The controlled framing of the mountainous landscape has the effect of intensifying the experience of the alpine vistas. What might become ‘wallpaper’ if fully exposed to the interior assumes a more dramatic presence by being thoughtfully composed. Slot apertures afford glimpses of the landscape from every room, but the mountainous backdrop is truly appreciated in those spaces reserved for repose.
Structurally, the ski house is a complex concrete assembly. In addition to ceilings, floor slabs and exterior walls, most of the interior walls use concrete as a load-bearing material. Two-foot by four-foot precast concrete panels are hung from the load-bearing interior walls to form the exterior façade. The roof is finished with concrete pavers.
During construction, numerous concrete mixes and sample walls were made to refine the color and texture and in response to the harsh alpine environment. Work was limited to six months each year due to winter snowfalls, resulting in a five-year construction timeline. A further challenge was the confined site, which is bordered by a watershed and public roads, with nothing more than a few feet of working space in between.
The house’s role as protector from the elements is expressed in the solid mass of the exposed board-form concrete walls and the white terrazzo flooring. Streamlined and sleek, the interior is anything but cold. Rather, it provides a serene environment from which to contemplate the enveloping drama outside. It also provides a gallery-like backdrop to the owner’s collection of 20th and 21st century architectural fittings and decorative arts, including lights by Gerrit Rietveld, Le Corbusier and Gio Ponti, an Alva Aalto designed door pull, and a wood-burning stove by Italian artist Martino Gamper. The stove’s flue extends through the roof in a custom-made cladding as if signalling to the outside world the artistic treasures that lie within.

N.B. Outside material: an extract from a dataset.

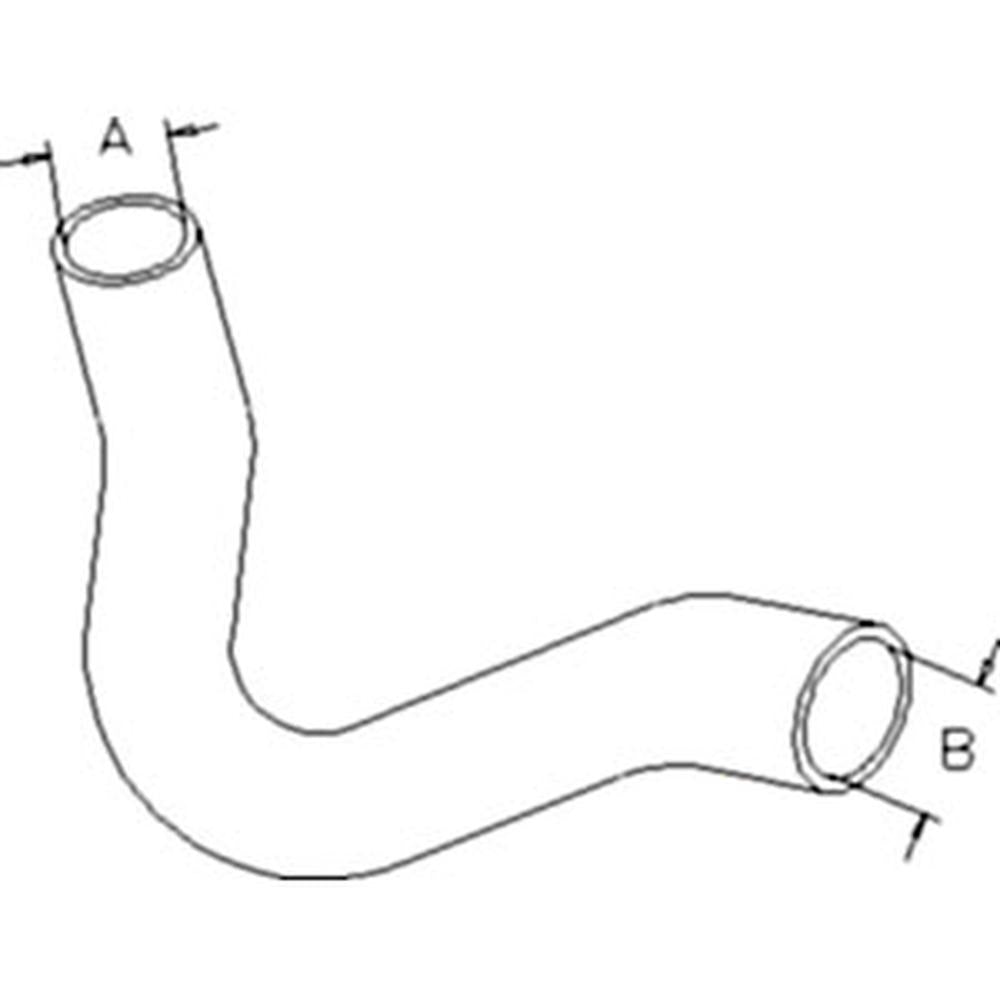 6A320-58570-AIC Lower Radiator Hose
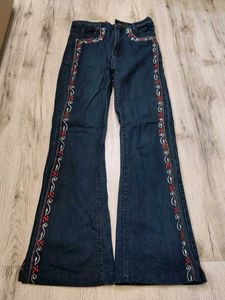 Ma1999 Lee-dot bootcut jeans waist 26 Inches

Tactility is added to the interior in the board-form concrete walls, which bear the textural imprint of the Douglas Fir boards used to mould them. Douglas Fir timber is also employed in stair treads, suspended ceilings and the lower level cellar floors, as well as the elongated kitchen/dining area.
Bedrooms are arranged below the upper level living areas; the master bedroom in the tube form, two guest rooms slightly set apart in the adjoining crystal volume. From this level an outdoor terrace with fire pit can be accessed. The lower cellar level accommodates a gym, media room and office. The three-level plan effectively utilizes the fall of the site, so that although the house is a generous 4,400 square feet, it appears much smaller from the street. Breaking apart the plan into two volumes further diminishes its impact on this extraordinary landscape.